Çocukken babamın beni okuldan almak için bisiklete binip okul kapısının önünde beklediğini hatırlıyorum. Okulla ev arasındaki mesafe çok uzak olmasa da arkadaşlarımla gitmek istiyordum. Yine de babam güvende hissetmem için beni eve bırakmak istiyordu.
Bisikletin arkasında otururken, zincirin her dönüşü birbirine çarpıyordu. Bisikletin her dönüşünün takırtısı, hayatın sayısız sesi arasında akortsuz bir şarkı gibiydi. O zamanlar, babamın "başkalarının" babaları gibi olmadığı, çocuklarını marka arabalarla sürmediği için biraz utanmıştım.
Babam ve oğlum eve vardıklarında, annemin verandada beklediğini gördüler. Beni arabadan almaya koştu ve her annenin çocuklarına yapacağı gibi, derste derslerim hakkında sorular sordu. Büyüdükçe, bunun basit bir soru olmadığını, aynı zamanda annemin sevgisini ve ilgisini de içerdiğini fark ettim.
Annemin özenle hazırladığı sade yemekleri hatırlıyorum. Haşlanmış yayın balığı, balık soslu kızarmış uskumru ve hamsili ekşi çorba. Yemekler karmaşık değildi ama şaşırtıcı derecede lezzetliydi. Lezzetleri annemin baharatlarından geliyordu. Ya da herkesin neşeyle bir araya geldiği o "mutlu" baharattan geliyordu.
Ebeveynler ve çocuklar arasındaki zaman, zıt yönlere giden ve asla kesişmeyen iki paralel çizgi gibidir. Herkesin, ebeveynleri olmadan eve dönmekten korktuğu zamanlar olacaktır. İşte bu yüzden hepimiz ebeveynlerimizle geçirdiğimiz her anın kıymetini biliriz.

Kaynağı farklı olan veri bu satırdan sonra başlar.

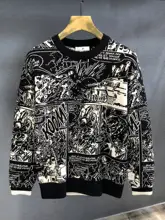 アートデザインのラウンドネックニット【秋冬用・男性用・双面提花】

Ayaklarım eve dönmek, babamın öğretilerini dinlemek, annemin pişirdiği lezzetli yemekleri yemek için can atıyordu. Birden kendimi yeniden çocuk gibi hissettim. Sonsuza dek annemin kollarında. Sevgiyle dolu sıcak bir aile yuvasında sonsuza dek mutluluk hissinin tadını çıkarmak.